Case series with chart review.

Setting

Tertiary children’s hospital.

Subjects and Methods

A chart review was conducted over 12 years. Patients 6 months to 18 years of age who underwent head MRI for evaluation of CSA were included. CSA was diagnosed on polysomnogram as central apnea index >1.

Results

Forty children were included in the CSA group. Twenty-two patients were male, and the mean age was 60 ± 41.5 months.

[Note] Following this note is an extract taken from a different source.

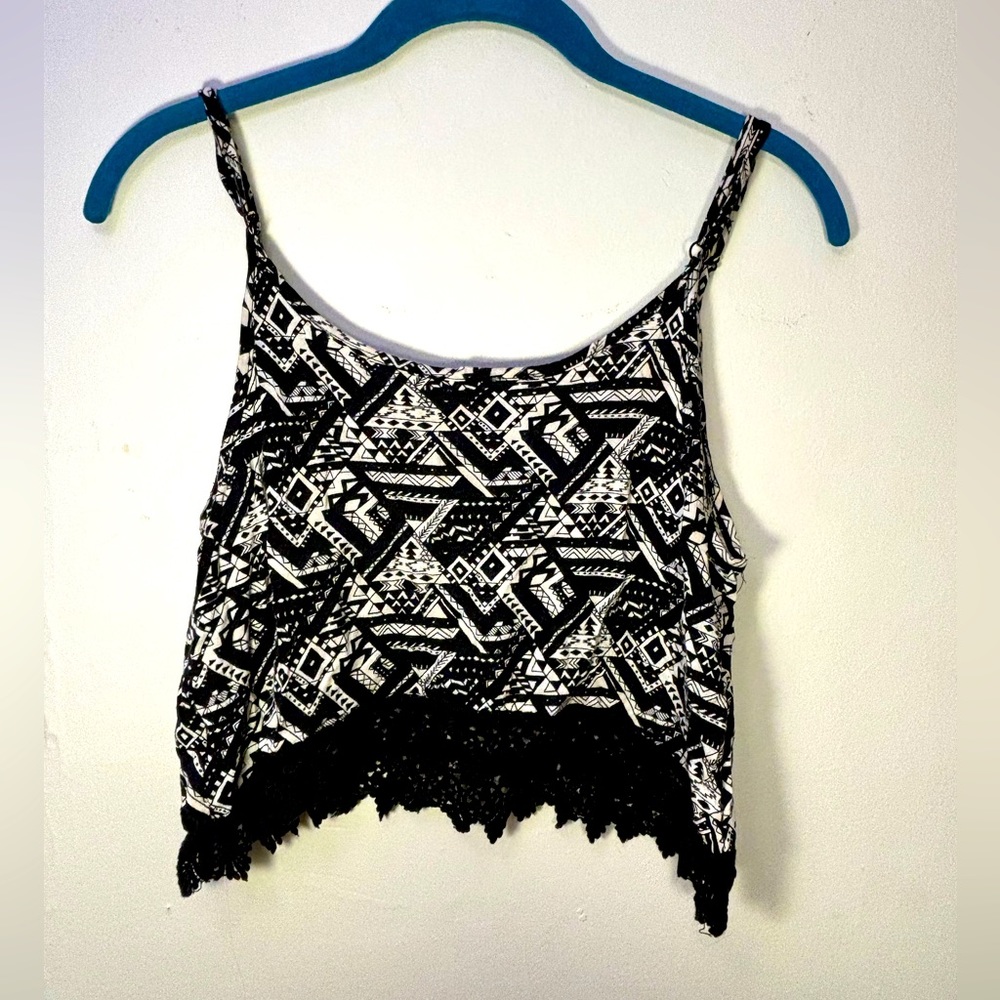 Black and white spaghetti string cropped tank top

The mean central apnea index was 3.8 ± 1.9, while the mean obstructive apnea hypopnea index was 3.4 (interquartile range, 0.7-3.8). Eighteen percent (7 of 40) of children with CSA had evidence of CNS pathology on MRI, with the most common finding (n = 3) being arachnoid cyst. Children with CSA who had gastroesophageal reflux disease or abnormal neurologic examinations were more likely to have CNS pathology. Other factors, such as prematurity, did not improve the yield of MRI in children with CSA.

Conclusions

While routine evaluation of children with elevated central apnea index by MRI is not indicated, providers should consider neuroimaging in children with CSA and abnormal neurologic examination findings or gastroesophageal reflux disease. Further research is necessary to identify other tests with improved diagnostic yield for evaluation of pediatric CSA.